I am searching for a solution that implements the following simple growth-rate formula by applying vectorization in R:
gr <- function(x){
a <- matrix(,nrow=nrow(x),ncol=ncol(x))
for (j in 1:ncol(x)){
for (i in 2:nrow(x)){
if (!is.na(x[i,j]) & !is.na(x[i-1,j]) & x[i-1,j] != 0){
result[i,j] <- x[i,j]/x[i-1,j]-1
}
}
}
return(a)
}
I found the xts package to generate lags of time-series, but in the end I always ended up having to compare to many values (see above), so I cannot simply use ifelse
. One possible problem is when the time-series (e.g. a price index) has zeros in between. This would create NaNs
in the result, which I am trying to avoid and which cannot simply be removed afterwards (edit: apparently they can, see the answers below!)

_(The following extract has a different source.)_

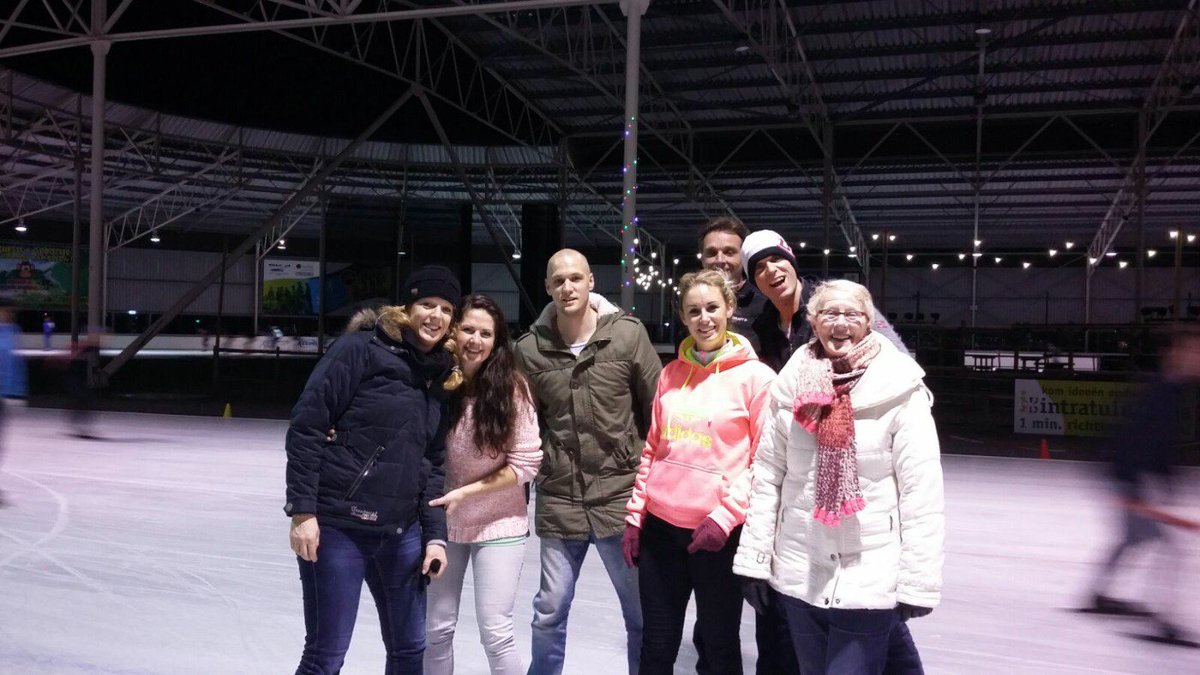 Soms doen we ook wat anders als #roeien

In short: I'd like to produce a table of correct growth rates for a given table of values. Here is an example:
m <- matrix(c(1:3,NA,2.4,2.8,3.9,0,1,3,0,2,1.3,2,NA,7,3.9,2.4),6,3)
generates:
[,1] [,2] [,3]
[1,] 1.0 3.9 1.3
[2,] 2.0 0.0 2.0
[3,] 3.0 1.0 NA
[4,] NA 3.0 7.0
[5,] 2.4 0.0 3.9
[6,] 2.8 2.0 2.4
correct result, produced by gr(m)
:
[,1] [,2] [,3]
[1,] NA NA NA
[2,] 1.0000000 -1 0.5384615
[3,] 0.5000000 NA NA
[4,] NA 2 NA
[5,] NA -1 -0.4428571
[6,] 0.1666667 NA -0.3846154
But this takes forever with large tables. Is there any way to use conditions without looping so extensively?
You can speed this up by performing the entire calculation in a single vectorized operation (with one additional operation to fix up the results whenever you divide by 0):
out <- rbind(NA, tail(m, -1) / head(m, -1) - 1)
out[!is.finite(out)] <- NA
out
# [,1] [,2] [,3]
# NA NA NA
# [2,] 1.0000000 -1 0.5384615
# [3,] 0.5000000 NA NA
# [4,] NA 2 NA
# [5,] NA -1 -0.4428571
# [6,] 0.1666667 NA -0.3846154
This is much faster than a looping solution, as demonstrated on a 1000 x 1000 example:
set.seed(144)
m <- matrix(rnorm(10000000), 10000, 1000)
system.time(j <- josilber(m))
# user system elapsed
# 1.425 0.030 1.446
system.time(g <- gr(m))
# user system elapsed
# 34.551 0.263 36.581
The vectorized solution provides a 25x speedup.